La scorsa settimana, (maggio
2011) nella mia qualità di
Rappresentante dell’OSCE (Organizzazione per la Sicurezza e la Cooperazione in
Europa) per la lotta al razzismo, alla xenofobia e all’intolleranza e
discriminazione contro i cristiani, sono stato relatore a un grande evento
organizzato dalla Presidenza ungherese dell’Unione Europea al Castello Reale di
Gödöllo, presso Budapest, sul tema del dialogo interreligioso fra cristiani,
ebrei e musulmani.
Vi hanno partecipato, fra l’altro, il cardinale Péter Erdö,
presidente dei vescovi europei, il custode di Terrasanta padre Pierbattista
Pizzaballa, l'arcivescovo Antonio Maria Vegliò, presidente del Pontificio
Consiglio per i Migranti, l'arcivescovo maronita di Beirut Paul Matar, il
metropolita Hilarion, “ministro degli esteri” della Chiesa Ortodossa Russa, il
rappresentante del Congresso Ebraico Europeo Gusztáv Zoltai, quello
dell'Organizzazione della Conferenza Islamica Ömür Orhun, il segretario
generale del Comitato per il dialogo islamo-cristiano in Libano, Hares Chakib
Chehab.
Dal mio intervento e dalla discussione che ne è seguita i
giornalisti presenti hanno ricavato soprattutto la mia affermazione secondo cui
ogni anno i cristiani uccisi nel mondo per la loro fede sono 105.000, uno ogni
cinque minuti. Come avviene nell’epoca di Internet, dalle auree volte del
Castello Reale di Gödöllo la citazione è rimbalzata su quotidiani e siti di
tutti i continenti. È certamente servita a risvegliare le coscienze sul tema
dei cristiani perseguitati. Di questo sono molto contento: sono all’OSCE per
questo. Ma – com’è naturale – una minoranza di coloro che hanno riferito la
notizia ha sollevato dubbi su una cifra che a prima vista può sembrare
eccessiva. In Italia si è distinta per un’ironia fuori luogo quando si parla di
morti la solita UAAR, l’Unione degli Atei e degli Agnostici Razionalisti. In
queste reazioni c’è già di per sé una lezione: si sottovaluta talmente il
problema dei cristiani perseguitati che le cifre – quando sono citate –
sembrano a prima vista incredibili.
Da dove vengono, dunque, le statistiche che ho citato in
Ungheria? La base è costituita dai lavori del principale centro mondiale di
statistica religiosa, l’americano Center for Study of Global Christianity,
diretto da David B. Barrett, che pubblica periodicamente la notissima World
Christian Encyclopedia e l’Atlas of Global Christianity. I lavori di Barrett e del suo centro sono i
più citati nel mondo accademico, e non solo, per le statistiche internazionali
sui membri delle diverse religioni.
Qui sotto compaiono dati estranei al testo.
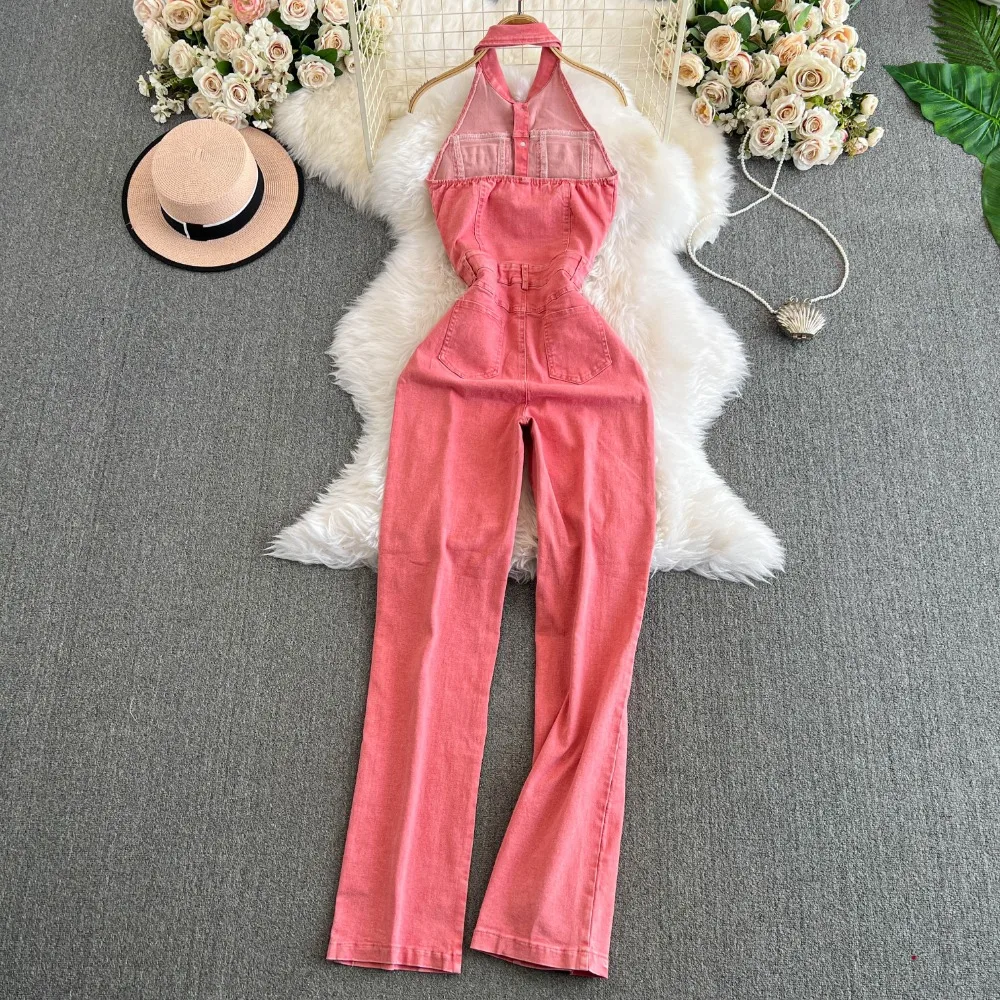 Neploe New Vintage Turn-down Collar Sleeveless Bodysuit Korea High Waist Elegant Jumpsuit Safari Style Denim Straight Ropa Mujer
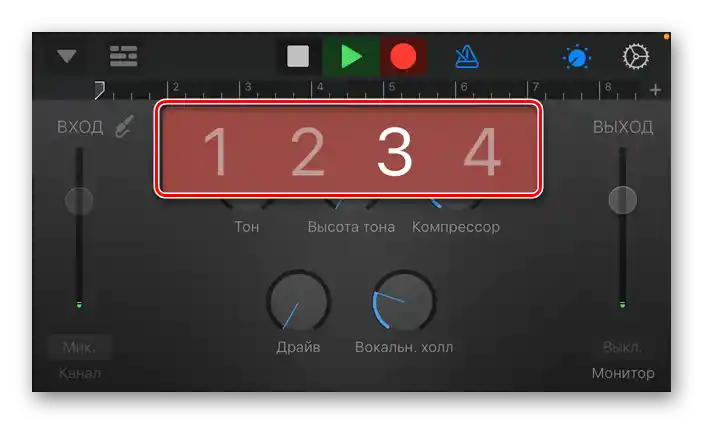 Отсчет преди записването на звук в приложението GarageBand за iPhone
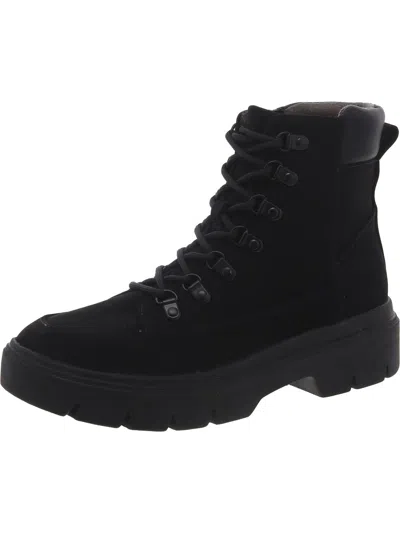 Dr. Scholl's Shoes Canyon Womens Faux Suede Lace-up Ankle Boots In Black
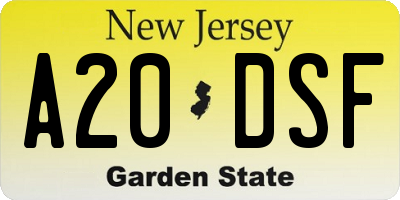 NJ license plate A20DSF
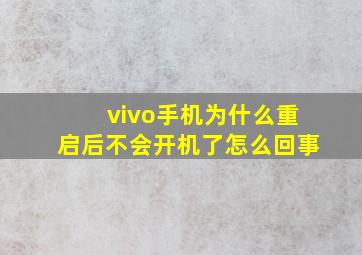 vivo手机为什么重启后不会开机了怎么回事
Nel 2001 Barrett e il suo collaboratore
Todd M. Johnson iniziarono a raccogliere statistiche anche sui martiri
cristiani. Nella loro importante opera World Christian Trends AD 30 – AD
2200 (William Carey Library, Pasadena 2001) cercarono di calcolare il
numero totale di martiri cristiani – e per la verità anche di altre religioni –
nei primi due millenni cristiani, fino all’anno 2000.
Naturalmente, Barrett e Johnson avevano anzitutto bisogno di
una definizione di martiri cristiani. Sceslero
“credenti in Cristo che hanno perso la loro vita prematuramente, nella
situazione di testimoni, come risultato dell’ostilità umana”. Avvertivano che perdere la propria vita “nella
situazione di testimoni” non implica alcun giudizio sulla santità personale del
martire ma comporta che sia stato ucciso perché cristiano, non come vittima di
una guerra o di un genocidio con motivazioni prevalentemente politiche o
etniche e non religiose. Il volume del
2001 concludeva che i martiri cristiani nei primi due millenni erano stati
circa settanta milioni, di cui quarantacinque milioni concentrati nel solo
secolo XX. Una robusta parte metodologica, che – aggiungo – è uscita semmai
rafforzata da dieci anni di discussione sul volume, spiegava i criteri di
calcolo adottati.
Da allora, Barrett e Johnson hanno aggiornato annualmente i
loro calcoli, senza modificare criteri e definizioni.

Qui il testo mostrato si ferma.